Advancing L. kesslerii Rhodopsin research would benefit significantly from interdisciplinary approaches that integrate multiple scientific disciplines:

• Integrating Ecological and Molecular Studies:
  Combining field studies of Kessler's sculpin in Lake Baikal with laboratory analysis of its rhodopsin would establish direct connections between environmental conditions, behavior, and molecular adaptations. This ecological context is crucial for understanding the selective pressures that shaped the rhodopsin's properties .

• Computational Biology and Experimental Biophysics:
  Pairing molecular dynamics simulations with experimental biophysical measurements would provide complementary insights into how L. kesslerii Rhodopsin's structure relates to its function. This could reveal how specific amino acid substitutions contribute to cold adaptation or spectral tuning.

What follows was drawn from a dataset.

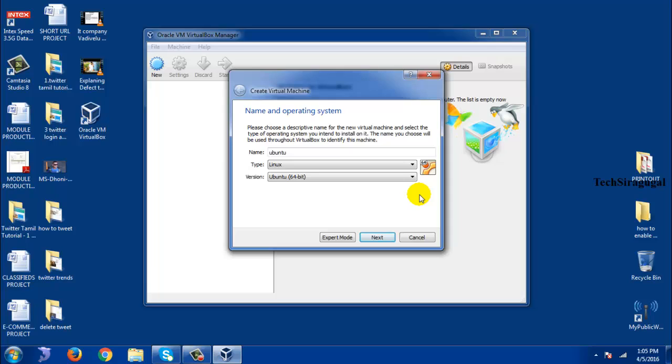To bring the 64-bit version selection in this list, you need to restart your system and follow the instructions I provided. This is the result. Thanks for watching, subscribe to my channel for more videos.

• Evolutionary Biology and Structural Biology:
  Combining phylogenetic analysis of rhodopsin sequences from Lake Baikal fishes with structural studies would reveal how evolutionary processes have shaped protein structure and function in this unique ecosystem.

• Neuroscience and Sensory Ecology:
  Integrating studies of L. kesslerii visual processing with rhodopsin biochemistry would connect molecular mechanisms to organismal function, providing insights into how visual system adaptations influence behavior and ecological interactions.

• Biotechnology and Basic Science:
  Developing biotechnological applications of L. kesslerii Rhodopsin (such as optogenetic tools) in parallel with basic research would create a productive feedback loop, where applied research generates questions for basic science and vice versa.

• Climate Science and Molecular Biology:
  Studying how changing environmental conditions affect L. kesslerii Rhodopsin function would connect climate science with molecular biology, providing a mechanistic understanding of how climate change might impact specialized species at the molecular level.

These interdisciplinary approaches would yield more comprehensive insights than any single discipline could provide independently, advancing our understanding of this unique visual pigment and its biological context.